Wednesday, April 10, 2013

TRANCE

TRANCE
Written by Joe Ahearne and John Hodge
Directed by Danny Boyle
Starring James McAvoy, Rosario Dawson and Vincent Cassel

Simon: No piece of art is worth a human life.

If I were trying to find a director to successfully helm a movie where the central action revolves around people being lulled into a hypnotic state in a calm environment, Danny Boyle would be at both the top and bottom of my list for very different reasons. On the one hand, Boyle is ideal; his ADHD-inspired style of filmmaking could give the film energy and brisk pace even when it was trying to be still. On the other hand, that exact same style could end up being blatant overcompensating for the story’s lack of visual propulsion. Unfortunately, Boyle’s latest, TRANCE, is an exercise in the latter, a film with many a problem that is shot and cut solely to distract us from these very problems. If you’re highly susceptible to suggestion, it may work for you. Cut through the smoke and mirrors though and you’ll see that Boyle is just as lost as you are.

TRANCE is troubled from the very beginning. Simon, a lovely and charming art dealer played by the always lovely and charming, James McAvoy, gives us the rundown on how the high stakes world of art thievery has become increasingly more complex over the years. Let alone that this is, at least to me, in and of itself, completely uninteresting, but it is also hardly the point. We know this because Simon, thanks to Boyle’s complete lack of subtlety, tells us that there is something much bigger going on here by looking directly into the camera with a knowing look, not once but something like four or five times in the span of five or ten minutes. He might as well give the audience an exaggerated wink. A valuable painting is inevitably stolen but subsequently also goes missing, thanks to Simon’s questionable involvement. There is one small problem though; Simon has no idea what he did with the painting because he took a nasty blow to the head while the robbery was going down. Enter Rosario Dawson as the hypnotist who will get inside Simon’s head, only maybe, she’s already been there. Oh wait, yes, Dawson just made a face at the camera that affirms to us that she most certainly has.


So aside from the rather tedious world of hypnotherapy and black market art dealing dressed up to look like the whole thing is on speed, TRANCE also has all of its leftover steam taken out of it by giving away its hand way too early. To be fair, Boyle doesn’t tell us what is going on until the end, but he tells us that something is definitely going on and that nothing is what it seems from the very start.
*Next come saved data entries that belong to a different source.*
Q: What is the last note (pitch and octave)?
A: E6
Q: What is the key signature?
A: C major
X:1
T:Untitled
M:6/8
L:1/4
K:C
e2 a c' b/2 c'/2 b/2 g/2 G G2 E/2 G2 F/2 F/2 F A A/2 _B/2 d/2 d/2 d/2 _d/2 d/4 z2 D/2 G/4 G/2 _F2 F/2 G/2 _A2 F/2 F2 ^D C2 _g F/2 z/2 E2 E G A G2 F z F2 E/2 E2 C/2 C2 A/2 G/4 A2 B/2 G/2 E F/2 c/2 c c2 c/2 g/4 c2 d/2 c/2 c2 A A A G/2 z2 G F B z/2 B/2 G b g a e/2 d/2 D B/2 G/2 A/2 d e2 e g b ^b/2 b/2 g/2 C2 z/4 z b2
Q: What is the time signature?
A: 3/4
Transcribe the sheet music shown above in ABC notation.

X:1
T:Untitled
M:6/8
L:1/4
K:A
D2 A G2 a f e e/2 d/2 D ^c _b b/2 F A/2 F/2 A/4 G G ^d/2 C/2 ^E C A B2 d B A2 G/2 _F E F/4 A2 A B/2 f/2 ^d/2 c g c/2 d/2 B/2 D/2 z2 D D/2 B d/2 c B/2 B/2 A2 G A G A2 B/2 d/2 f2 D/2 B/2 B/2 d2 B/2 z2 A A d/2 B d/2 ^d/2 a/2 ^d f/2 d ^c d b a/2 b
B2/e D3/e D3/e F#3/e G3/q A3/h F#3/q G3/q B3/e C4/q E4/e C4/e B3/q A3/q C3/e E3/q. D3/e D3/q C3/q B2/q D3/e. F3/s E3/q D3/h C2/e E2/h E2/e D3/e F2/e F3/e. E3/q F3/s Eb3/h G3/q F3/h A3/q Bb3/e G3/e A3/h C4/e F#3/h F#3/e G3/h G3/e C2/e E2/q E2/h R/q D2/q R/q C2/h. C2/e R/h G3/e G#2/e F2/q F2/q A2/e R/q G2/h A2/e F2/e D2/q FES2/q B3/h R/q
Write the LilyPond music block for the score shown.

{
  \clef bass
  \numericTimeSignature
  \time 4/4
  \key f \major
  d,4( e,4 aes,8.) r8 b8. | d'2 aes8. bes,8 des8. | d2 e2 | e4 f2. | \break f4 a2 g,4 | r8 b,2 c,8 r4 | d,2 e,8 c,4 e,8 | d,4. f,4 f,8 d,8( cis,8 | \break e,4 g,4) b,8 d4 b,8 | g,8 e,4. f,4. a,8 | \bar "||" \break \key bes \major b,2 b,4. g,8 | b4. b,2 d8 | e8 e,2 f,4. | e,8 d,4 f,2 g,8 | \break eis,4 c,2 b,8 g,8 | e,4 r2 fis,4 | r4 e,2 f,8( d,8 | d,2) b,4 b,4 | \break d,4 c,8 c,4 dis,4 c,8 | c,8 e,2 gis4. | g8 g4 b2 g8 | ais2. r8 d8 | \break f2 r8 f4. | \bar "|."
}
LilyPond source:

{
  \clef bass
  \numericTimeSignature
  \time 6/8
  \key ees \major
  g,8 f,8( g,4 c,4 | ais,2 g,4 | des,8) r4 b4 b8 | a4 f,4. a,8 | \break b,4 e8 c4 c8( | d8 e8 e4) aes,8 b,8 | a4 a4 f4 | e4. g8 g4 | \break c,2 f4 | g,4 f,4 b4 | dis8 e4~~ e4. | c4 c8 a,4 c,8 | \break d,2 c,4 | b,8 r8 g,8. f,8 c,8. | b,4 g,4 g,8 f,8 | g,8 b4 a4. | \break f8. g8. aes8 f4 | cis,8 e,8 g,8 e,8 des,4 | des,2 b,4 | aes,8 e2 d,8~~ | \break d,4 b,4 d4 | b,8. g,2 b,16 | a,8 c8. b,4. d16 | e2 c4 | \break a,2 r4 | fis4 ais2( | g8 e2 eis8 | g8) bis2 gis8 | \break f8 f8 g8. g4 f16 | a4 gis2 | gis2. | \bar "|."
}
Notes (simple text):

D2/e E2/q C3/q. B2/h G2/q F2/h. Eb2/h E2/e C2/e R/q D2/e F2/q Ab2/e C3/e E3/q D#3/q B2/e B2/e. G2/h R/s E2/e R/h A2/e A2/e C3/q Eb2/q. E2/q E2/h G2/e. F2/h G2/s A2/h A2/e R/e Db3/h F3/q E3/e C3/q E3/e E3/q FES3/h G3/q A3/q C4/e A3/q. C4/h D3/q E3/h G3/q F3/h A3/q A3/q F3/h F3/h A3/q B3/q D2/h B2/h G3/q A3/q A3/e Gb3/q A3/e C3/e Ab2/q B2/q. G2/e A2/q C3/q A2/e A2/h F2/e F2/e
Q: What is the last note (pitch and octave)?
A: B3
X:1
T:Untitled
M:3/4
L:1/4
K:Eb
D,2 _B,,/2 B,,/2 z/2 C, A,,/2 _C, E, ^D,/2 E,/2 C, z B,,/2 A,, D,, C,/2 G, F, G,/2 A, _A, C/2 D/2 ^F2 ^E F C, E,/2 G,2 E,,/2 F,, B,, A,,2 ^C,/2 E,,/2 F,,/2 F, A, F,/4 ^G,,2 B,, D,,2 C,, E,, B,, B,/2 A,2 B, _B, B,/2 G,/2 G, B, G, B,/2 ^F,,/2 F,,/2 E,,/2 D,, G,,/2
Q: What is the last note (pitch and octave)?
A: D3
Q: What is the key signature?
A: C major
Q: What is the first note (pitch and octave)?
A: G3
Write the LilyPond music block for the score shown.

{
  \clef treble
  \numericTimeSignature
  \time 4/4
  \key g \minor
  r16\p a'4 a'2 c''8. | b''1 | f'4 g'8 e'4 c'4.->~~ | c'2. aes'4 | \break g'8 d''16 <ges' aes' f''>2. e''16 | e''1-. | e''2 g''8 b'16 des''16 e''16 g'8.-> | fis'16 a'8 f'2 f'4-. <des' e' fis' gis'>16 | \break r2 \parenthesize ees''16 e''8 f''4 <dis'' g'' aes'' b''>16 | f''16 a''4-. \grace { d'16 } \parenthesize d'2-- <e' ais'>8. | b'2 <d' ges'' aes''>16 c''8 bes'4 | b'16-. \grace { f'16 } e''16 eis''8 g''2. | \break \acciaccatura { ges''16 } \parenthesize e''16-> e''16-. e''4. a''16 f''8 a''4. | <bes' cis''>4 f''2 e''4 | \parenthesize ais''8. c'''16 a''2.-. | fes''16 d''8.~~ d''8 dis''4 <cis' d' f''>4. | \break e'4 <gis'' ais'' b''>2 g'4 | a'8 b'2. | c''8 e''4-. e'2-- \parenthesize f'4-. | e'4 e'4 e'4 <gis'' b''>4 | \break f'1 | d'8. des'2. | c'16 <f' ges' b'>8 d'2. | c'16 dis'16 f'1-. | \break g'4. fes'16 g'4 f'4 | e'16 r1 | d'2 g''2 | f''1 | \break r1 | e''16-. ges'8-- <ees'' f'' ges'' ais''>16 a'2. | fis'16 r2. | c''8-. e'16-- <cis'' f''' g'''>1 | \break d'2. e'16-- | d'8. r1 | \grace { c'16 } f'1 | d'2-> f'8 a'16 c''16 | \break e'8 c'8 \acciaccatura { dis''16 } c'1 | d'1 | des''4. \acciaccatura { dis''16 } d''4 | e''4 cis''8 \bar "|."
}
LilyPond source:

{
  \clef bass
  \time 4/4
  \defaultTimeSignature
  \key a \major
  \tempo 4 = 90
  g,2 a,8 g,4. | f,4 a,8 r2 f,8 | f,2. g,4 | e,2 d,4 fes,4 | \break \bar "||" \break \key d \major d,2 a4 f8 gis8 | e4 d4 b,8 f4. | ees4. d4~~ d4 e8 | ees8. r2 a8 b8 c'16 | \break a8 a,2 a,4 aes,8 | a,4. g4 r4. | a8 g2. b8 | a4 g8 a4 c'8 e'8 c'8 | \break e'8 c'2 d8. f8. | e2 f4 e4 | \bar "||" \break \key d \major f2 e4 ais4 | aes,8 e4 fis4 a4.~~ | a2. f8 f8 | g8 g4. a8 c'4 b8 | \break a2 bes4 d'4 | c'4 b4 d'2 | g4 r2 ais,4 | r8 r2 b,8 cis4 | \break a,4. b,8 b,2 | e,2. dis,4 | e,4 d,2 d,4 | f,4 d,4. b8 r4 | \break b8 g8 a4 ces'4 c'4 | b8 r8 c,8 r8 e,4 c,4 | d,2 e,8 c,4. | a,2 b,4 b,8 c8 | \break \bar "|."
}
And so, as an audience, we trust no one and all we can do is wait for the big reveal because we know that one is coming. Without the element of surprise, we are left with nothing but a lot of disconnected drama and uncharacteristic misogyny to keep us engaged. Hence the visual schizophrenia and pulsing soundtrack; something has to fool us into thinking this is actually interesting. For future reference, Boyle might want to make sure his audience is actually in a trance before he tries to trick them into thinking they’re watching an actual work of art.